オンライン科学誌「サイエンティフィック・リポーツ」にこのほど掲載された研究報告から、電気自動車とガソリン車がそれぞれ1キロメートルの距離を走行した時、電気自動車による大気中への排熱量は、ガソリン車の20%以下であることが明らかになった。湖南大学の黎燦兵教授と曹一家教授をリーダーとする研究チームは、「電気自動車が従来のガソリン車に取って代われば、都市の温度を下げることができる可能性が高い」との見方を示している。中国科学報が伝えた。
同じ気候条件のもとで都市と農村の気温を比べた場合、都市の方が高い。これが「都市のヒートアイランド現象」と呼ばれる現象だ。統計データによると、ある地域の緑化率が30%を上回ると、その緑地がヒートアイランド現象を緩和する作用が認められる。緑化率が50%を超えると、その効果は鮮明だ。とはいえ、面積が極めて大きい都市にとっては、緑化という「エアコン」で都市の気温を下げることは、困難極まりない。
黎教授率いる研究チームは、別の角度からも、都市の気温を下げる方法についてアプローチを試みた。同教授は以下の通り指摘した。

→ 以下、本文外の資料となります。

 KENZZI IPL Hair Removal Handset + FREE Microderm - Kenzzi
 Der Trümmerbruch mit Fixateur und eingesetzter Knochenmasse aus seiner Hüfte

我々は、ガソリン車の排熱量は、都市の総排熱量のほぼ半分を占めていることを発見した。その後、電気自動車とガソリン車の比較によって、電気自動車が走行時に排出する熱量は、ガソリン車よりかなり少ないことも分かった。同じ1キロという距離を走った場合、電気自動車による大気中への排熱量は、ガソリン車の20%にも届かなかった。したがって、電気自動車は、大都市における夏のヒートアイランド現象を緩和するのに大いに役に立つ。
我々の推算によると、電気自動車が従来のガソリン車に取って代わった場合、都市の温度は約1℃下がる見込みがある。その上、電気自動車がガソリン車に取って代わったことによって減少した排熱量は、エアコン使用時に消費するエネルギー量も抑えることができる。
電気自動車がどの程度ガソリン車に取って代わることができるかという問題の鍵は、「電池」にある。電池技術におけるブレイクスルーが実現すれば、電気自動車の普及は一気に加速するだろう。